Fraser's voice shook a little when relating the final return of the cancer, and the long, ugly months that followed, the limbo of waiting without hope, of waiting for the pain to stop and the ending to come. The rollercoaster of bad days and worse days, dipping lower toward that point that needed to be reached—that he shamefully began to crave. He spoke of his grandfather, George, and how he brought her little gifts, useless things.
"My dad keeps buying her soup," Ray said, and his voice was rough with pain. "It's like he thinks if he can just find the right kind she'll be able to eat it without throwing up. There must be like a hundred different cans of it in the pantry."
"I tried to find a pillow that wouldn't hurt her head," Fraser said. "Near the end she had terrible headaches. I tried goose feathers and nylon and wool batting. Ice packs and heat packs and acupressure."
Ray rubbed his eyes. "Her mouth gets these sores. I got her like three different kinds of ointment and none of them worked. And her skin is too dry and it hurts her, but the cream I got gave her a rash. I fucked up."
"No, Ray. You couldn't have known." Fraser ran a palm over his own cheek, surprised to discover it was wet. "Every night I woke up from a nightmare that I was forgetting to do something to make it stop."
"Nothing you can do," Ray said, "Nothing you can do." And he looked relieved, so relieved, not at all as if Fraser had added to his burden by relating his own grief.
"You know it's not your fault, but it still feels as if it is," Fraser whispered.
Ray let out a shudder of breath and then keeled, leaning his forehead against Fraser's shoulder. Ray was shaking a little, but it felt like a release, and not a binding of further tension. Fraser put his hand on the back of Ray's head and pressed him closer, the heat of his breath dampening Fraser's skin.
"I understand, Ray. I do."
Fraser held him as he shook. And thought to himself how wrong he had been, before. He'd been afraid to try, because he'd thought he needed to do the impossible—to make things all right somehow—but that wasn't needed at all. All Ray needed was to be heard, to be understood.
Finally Ray pulled back and scrubbed at his face.
"Now tell me how she's really doing," Fraser said.
"Are you sure you want to hear it? Because I'm scared once I start I'll never shut up." Ray's voice was low and hesitant.

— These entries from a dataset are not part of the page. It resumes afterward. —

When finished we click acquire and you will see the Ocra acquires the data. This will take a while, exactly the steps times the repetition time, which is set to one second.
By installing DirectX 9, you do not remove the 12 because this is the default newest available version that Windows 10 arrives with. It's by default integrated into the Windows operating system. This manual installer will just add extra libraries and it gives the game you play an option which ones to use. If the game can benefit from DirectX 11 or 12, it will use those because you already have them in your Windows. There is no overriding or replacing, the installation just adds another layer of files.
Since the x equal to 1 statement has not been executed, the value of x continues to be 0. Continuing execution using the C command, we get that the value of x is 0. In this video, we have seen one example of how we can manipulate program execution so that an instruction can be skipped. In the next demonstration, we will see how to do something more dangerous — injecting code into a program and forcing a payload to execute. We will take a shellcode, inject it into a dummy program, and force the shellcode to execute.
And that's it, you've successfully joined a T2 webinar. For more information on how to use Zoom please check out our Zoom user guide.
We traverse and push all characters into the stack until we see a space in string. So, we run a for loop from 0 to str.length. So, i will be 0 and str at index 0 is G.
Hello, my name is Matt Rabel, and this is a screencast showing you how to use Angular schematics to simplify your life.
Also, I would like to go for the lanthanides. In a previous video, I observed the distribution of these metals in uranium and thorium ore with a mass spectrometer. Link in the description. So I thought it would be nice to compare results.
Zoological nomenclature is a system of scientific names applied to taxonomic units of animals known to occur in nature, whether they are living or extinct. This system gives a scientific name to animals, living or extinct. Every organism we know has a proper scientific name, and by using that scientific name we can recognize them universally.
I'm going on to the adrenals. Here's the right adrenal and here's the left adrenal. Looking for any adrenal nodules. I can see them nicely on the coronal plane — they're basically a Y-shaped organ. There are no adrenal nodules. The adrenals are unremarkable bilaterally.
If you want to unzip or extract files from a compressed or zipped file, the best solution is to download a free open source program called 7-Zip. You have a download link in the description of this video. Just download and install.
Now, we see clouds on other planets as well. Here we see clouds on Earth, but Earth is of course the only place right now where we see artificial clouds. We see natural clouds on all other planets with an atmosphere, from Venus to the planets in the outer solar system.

"I'm sure, Ray. Tell me. I want...I want to hear it."
Ray smiled briefly, his blue eyes glimmering behind wet lashes. "She's...doing okay." He bit his lip and shook his head. "She's brave like you wouldn't believe, and she's got a real black sense of humor about the whole thing. Dad doesn't think her jokes are funny, but I do. And, anyway, we only have two rounds left, and the doc seemed, you know, positive about how the test results are coming..."
Fraser nodded encouragingly, and settled back to listen.